EXERCISE PROMPT:
Give the whole listing below once more, exactly, without pictures.

SOURCE DATA:

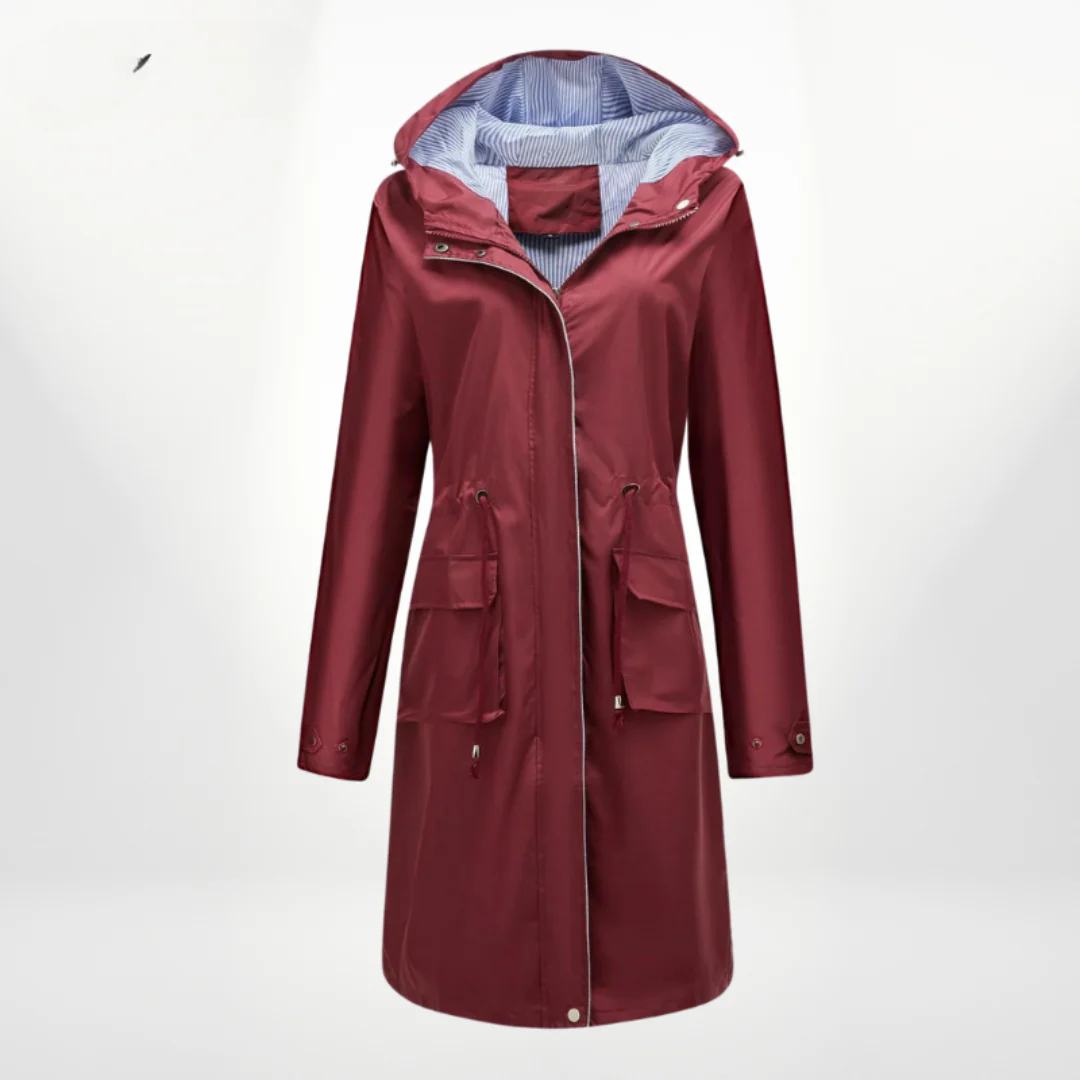 EB | Trenchcoat Slim Fit Kordelzug Kapuze knielang wasserdichtes Material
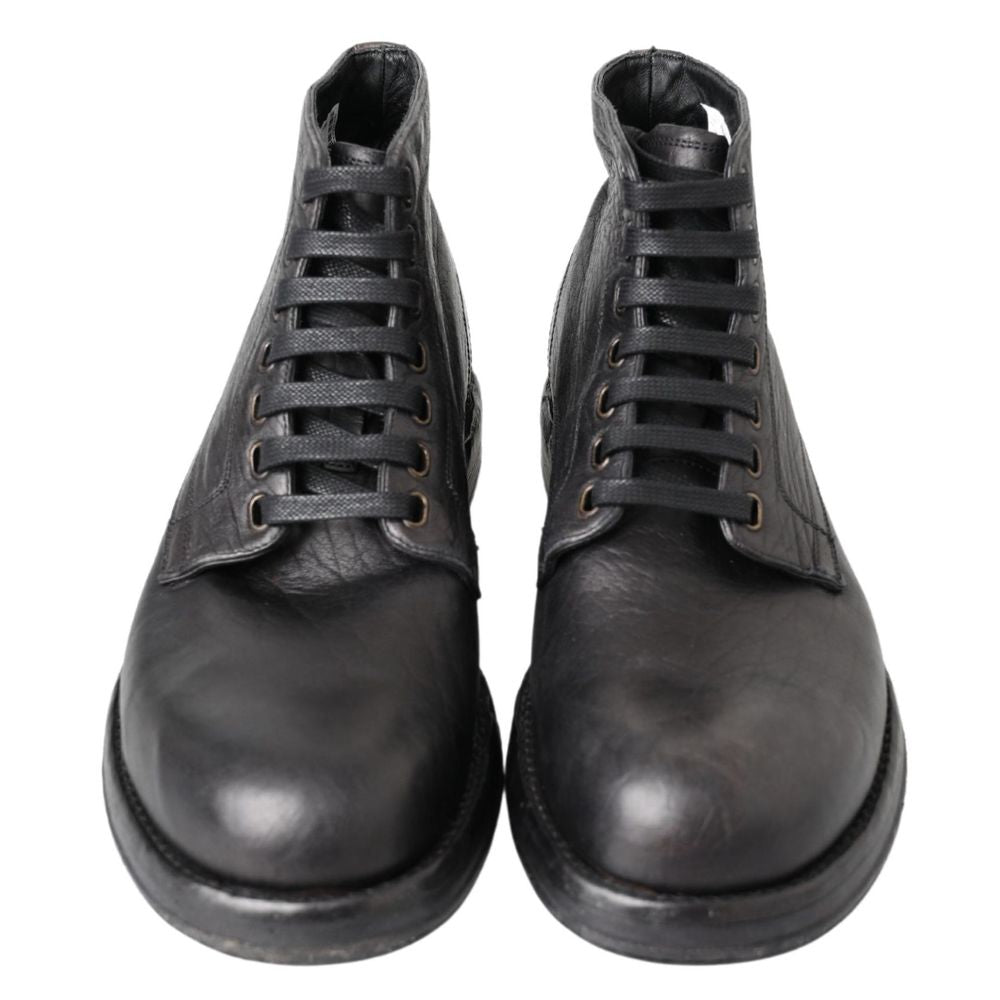 Botte en cuir noir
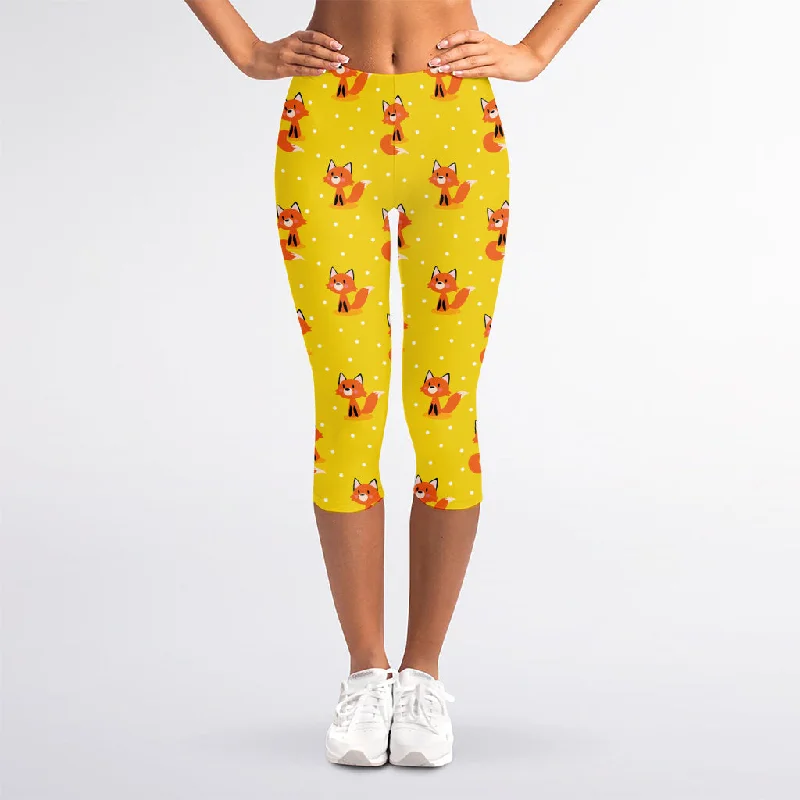 Cartoon Fox Pattern Print Women's Capri Leggings Trendy Spandex Leggings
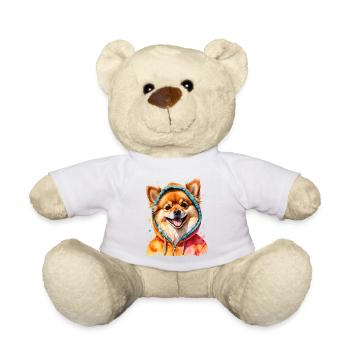 Loulou de Poméranie Sweat à capuche de Poméranie Imprimé chien - Nounours - blanc - Devant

WRITTEN ANSWER:
 EB | Trenchcoat Slim Fit Kordelzug Kapuze knielang wasserdichtes Material
 Botte en cuir noir
 Cartoon Fox Pattern Print Women's Capri Leggings Trendy Spandex Leggings
 Loulou de Poméranie Sweat à capuche de Poméranie Imprimé chien - Nounours - blanc - Devant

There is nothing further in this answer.